Task description
Reproduce all records exactly.

========

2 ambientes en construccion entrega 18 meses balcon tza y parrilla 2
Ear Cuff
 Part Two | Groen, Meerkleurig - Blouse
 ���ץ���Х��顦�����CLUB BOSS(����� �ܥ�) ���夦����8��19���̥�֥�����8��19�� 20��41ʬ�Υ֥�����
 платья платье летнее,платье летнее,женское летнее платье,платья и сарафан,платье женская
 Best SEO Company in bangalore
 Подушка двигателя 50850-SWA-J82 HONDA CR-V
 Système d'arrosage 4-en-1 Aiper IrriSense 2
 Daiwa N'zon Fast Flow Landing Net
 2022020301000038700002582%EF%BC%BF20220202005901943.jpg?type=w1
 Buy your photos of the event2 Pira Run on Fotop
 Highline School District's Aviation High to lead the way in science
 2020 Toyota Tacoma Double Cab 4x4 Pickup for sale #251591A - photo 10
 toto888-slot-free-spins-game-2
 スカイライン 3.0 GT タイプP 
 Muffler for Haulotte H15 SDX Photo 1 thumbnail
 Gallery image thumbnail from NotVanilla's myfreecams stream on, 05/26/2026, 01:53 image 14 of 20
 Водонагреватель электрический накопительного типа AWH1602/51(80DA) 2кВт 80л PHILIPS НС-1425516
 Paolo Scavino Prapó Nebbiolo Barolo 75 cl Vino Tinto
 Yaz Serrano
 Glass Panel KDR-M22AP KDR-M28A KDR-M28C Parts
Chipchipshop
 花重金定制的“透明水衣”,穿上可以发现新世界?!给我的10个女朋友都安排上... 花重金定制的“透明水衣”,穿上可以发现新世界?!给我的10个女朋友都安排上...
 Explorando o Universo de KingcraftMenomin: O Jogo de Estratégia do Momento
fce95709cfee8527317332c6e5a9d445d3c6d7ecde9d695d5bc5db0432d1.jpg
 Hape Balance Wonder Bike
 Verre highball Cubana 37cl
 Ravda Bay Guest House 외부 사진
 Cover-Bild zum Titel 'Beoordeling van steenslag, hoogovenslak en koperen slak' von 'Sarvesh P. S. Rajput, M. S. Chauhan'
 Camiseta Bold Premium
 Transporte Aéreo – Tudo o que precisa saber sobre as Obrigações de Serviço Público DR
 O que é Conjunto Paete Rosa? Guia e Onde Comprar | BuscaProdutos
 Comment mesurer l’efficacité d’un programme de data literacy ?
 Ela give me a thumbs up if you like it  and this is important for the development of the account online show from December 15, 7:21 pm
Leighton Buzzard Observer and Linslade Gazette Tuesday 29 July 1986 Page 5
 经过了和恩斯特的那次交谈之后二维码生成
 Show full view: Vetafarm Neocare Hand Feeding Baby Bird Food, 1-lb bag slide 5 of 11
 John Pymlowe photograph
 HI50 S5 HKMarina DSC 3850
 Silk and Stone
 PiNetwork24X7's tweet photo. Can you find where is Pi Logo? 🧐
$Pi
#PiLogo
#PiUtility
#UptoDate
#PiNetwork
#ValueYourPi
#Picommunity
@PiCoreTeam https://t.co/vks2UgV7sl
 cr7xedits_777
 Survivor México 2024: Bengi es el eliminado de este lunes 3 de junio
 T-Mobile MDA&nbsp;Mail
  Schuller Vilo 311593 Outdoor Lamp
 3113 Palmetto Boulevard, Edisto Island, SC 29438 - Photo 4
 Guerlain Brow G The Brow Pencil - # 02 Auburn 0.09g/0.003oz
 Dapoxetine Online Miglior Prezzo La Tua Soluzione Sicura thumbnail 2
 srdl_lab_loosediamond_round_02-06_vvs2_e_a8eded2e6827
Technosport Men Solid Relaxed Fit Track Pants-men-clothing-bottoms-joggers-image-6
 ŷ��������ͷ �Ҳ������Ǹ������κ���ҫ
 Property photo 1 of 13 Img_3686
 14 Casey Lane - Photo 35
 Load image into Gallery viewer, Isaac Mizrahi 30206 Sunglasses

========

Problem solution
2 ambientes en construccion entrega 18 meses balcon tza y parrilla 2
Ear Cuff
 Part Two | Groen, Meerkleurig - Blouse
 ���ץ���Х��顦�����CLUB BOSS(����� �ܥ�) ���夦����8��19���̥�֥�����8��19�� 20��41ʬ�Υ֥�����
 платья платье летнее,платье летнее,женское летнее платье,платья и сарафан,платье женская
 Best SEO Company in bangalore
 Подушка двигателя 50850-SWA-J82 HONDA CR-V
 Système d'arrosage 4-en-1 Aiper IrriSense 2
 Daiwa N'zon Fast Flow Landing Net
 2022020301000038700002582%EF%BC%BF20220202005901943.jpg?type=w1
 Buy your photos of the event2 Pira Run on Fotop
 Highline School District's Aviation High to lead the way in science
 2020 Toyota Tacoma Double Cab 4x4 Pickup for sale #251591A - photo 10
 toto888-slot-free-spins-game-2
 スカイライン 3.0 GT タイプP 
 Muffler for Haulotte H15 SDX Photo 1 thumbnail
 Gallery image thumbnail from NotVanilla's myfreecams stream on, 05/26/2026, 01:53 image 14 of 20
 Водонагреватель электрический накопительного типа AWH1602/51(80DA) 2кВт 80л PHILIPS НС-1425516
 Paolo Scavino Prapó Nebbiolo Barolo 75 cl Vino Tinto
 Yaz Serrano
 Glass Panel KDR-M22AP KDR-M28A KDR-M28C Parts
Chipchipshop
 花重金定制的“透明水衣”,穿上可以发现新世界?!给我的10个女朋友都安排上... 花重金定制的“透明水衣”,穿上可以发现新世界?!给我的10个女朋友都安排上...
 Explorando o Universo de KingcraftMenomin: O Jogo de Estratégia do Momento
fce95709cfee8527317332c6e5a9d445d3c6d7ecde9d695d5bc5db0432d1.jpg
 Hape Balance Wonder Bike
 Verre highball Cubana 37cl
 Ravda Bay Guest House 외부 사진
 Cover-Bild zum Titel 'Beoordeling van steenslag, hoogovenslak en koperen slak' von 'Sarvesh P. S. Rajput, M. S. Chauhan'
 Camiseta Bold Premium
 Transporte Aéreo – Tudo o que precisa saber sobre as Obrigações de Serviço Público DR
 O que é Conjunto Paete Rosa? Guia e Onde Comprar | BuscaProdutos
 Comment mesurer l’efficacité d’un programme de data literacy ?
 Ela give me a thumbs up if you like it  and this is important for the development of the account online show from December 15, 7:21 pm
Leighton Buzzard Observer and Linslade Gazette Tuesday 29 July 1986 Page 5
 经过了和恩斯特的那次交谈之后二维码生成
 Show full view: Vetafarm Neocare Hand Feeding Baby Bird Food, 1-lb bag slide 5 of 11
 John Pymlowe photograph
 HI50 S5 HKMarina DSC 3850
 Silk and Stone
 PiNetwork24X7's tweet photo. Can you find where is Pi Logo? 🧐
$Pi
#PiLogo
#PiUtility
#UptoDate
#PiNetwork
#ValueYourPi
#Picommunity
@PiCoreTeam https://t.co/vks2UgV7sl
 cr7xedits_777
 Survivor México 2024: Bengi es el eliminado de este lunes 3 de junio
 T-Mobile MDA&nbsp;Mail
  Schuller Vilo 311593 Outdoor Lamp
 3113 Palmetto Boulevard, Edisto Island, SC 29438 - Photo 4
 Guerlain Brow G The Brow Pencil - # 02 Auburn 0.09g/0.003oz
 Dapoxetine Online Miglior Prezzo La Tua Soluzione Sicura thumbnail 2
 srdl_lab_loosediamond_round_02-06_vvs2_e_a8eded2e6827
Technosport Men Solid Relaxed Fit Track Pants-men-clothing-bottoms-joggers-image-6
 ŷ��������ͷ �Ҳ������Ǹ������κ���ҫ
 Property photo 1 of 13 Img_3686
 14 Casey Lane - Photo 35
 Load image into Gallery viewer, Isaac Mizrahi 30206 Sunglasses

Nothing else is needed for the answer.